«Il vero problema è di chi saranno le banane che cresceranno». Da questa mattina alle palme in piazza Duomo si sono aggiunti anche i banani. I giardini sono ancora transennati ma milanesi e turisti continuano ad accalcarsi attorno alle aiuole per fare fotografie e discutere. «C’erano anche in passato, non ci vedo nulla di male, e poi danno un po’ di verde alla piazza» alza le spalle un passante. «Questi alberi nella nebbia milanese stanno male» dice invece una ragazza «mica siamo a Sanremo». «Non è vero, io abito a Varese e le ho anche nel mio giardino» risponde un turista.

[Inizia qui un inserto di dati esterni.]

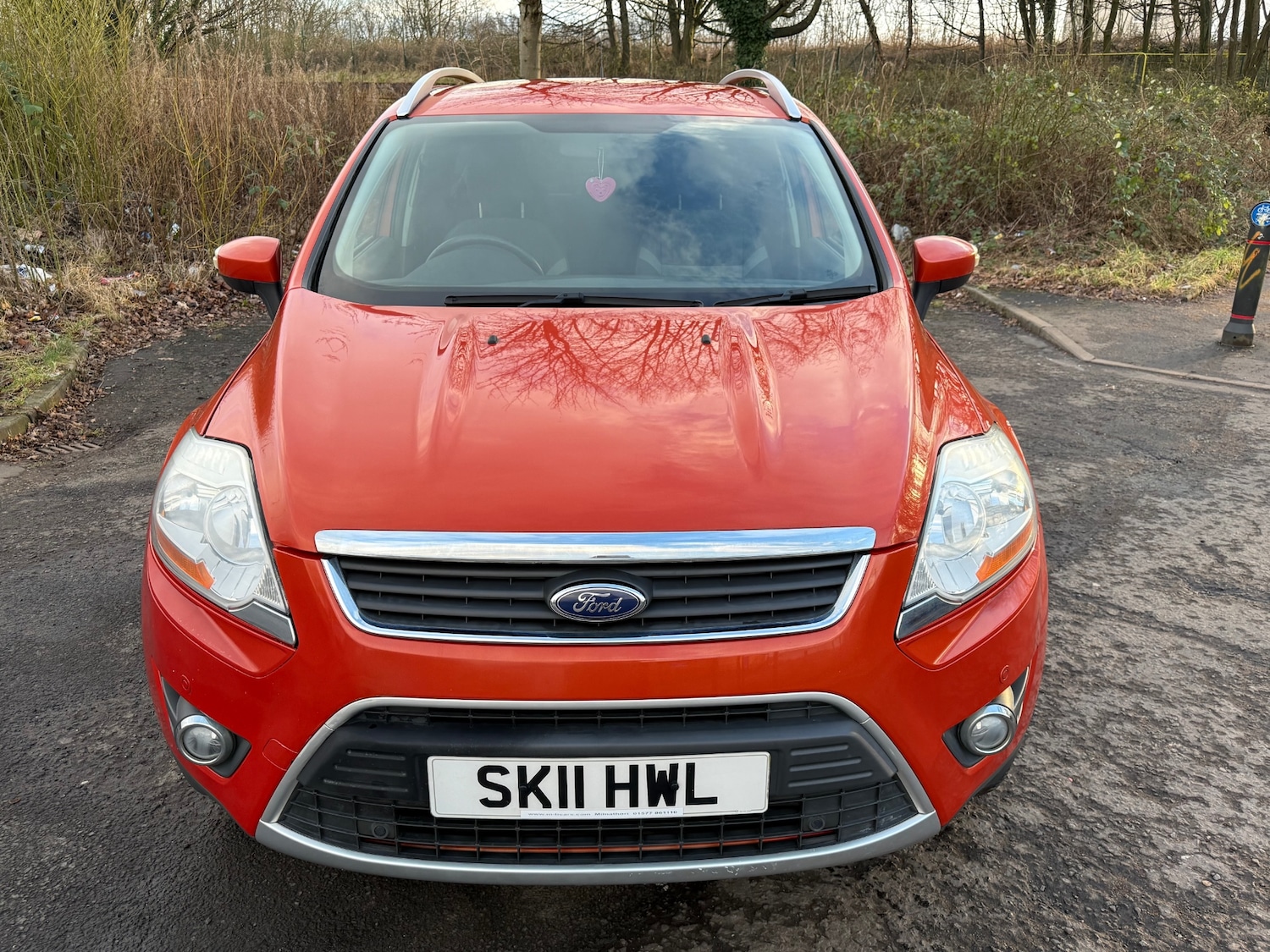 Used Ford Kuga 2011 for sale - 77412571: Photo 2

“Giardini milanesi tra XX e XXI secolo” è il nome scelto dal progettista Marco Bay per lo spazio verde in piazza Duomo sponsorizzato da Starbucks, in vista dell’approdo in Italia nel 2018 del primo megastore in piazza Cordusio. La catena statunitense si è aggiudicata il bando del Comune, della durata di tre anni, per la progettazione e la cura del verde davanti alla madonnina. I carpini e i cespugli fioriti posizionati dalla giunta Pisapia sono stati rimossi e spostati in altri luoghi della città, al loro posto sono state piantate specie insolite per i giardini pubblici milanesi.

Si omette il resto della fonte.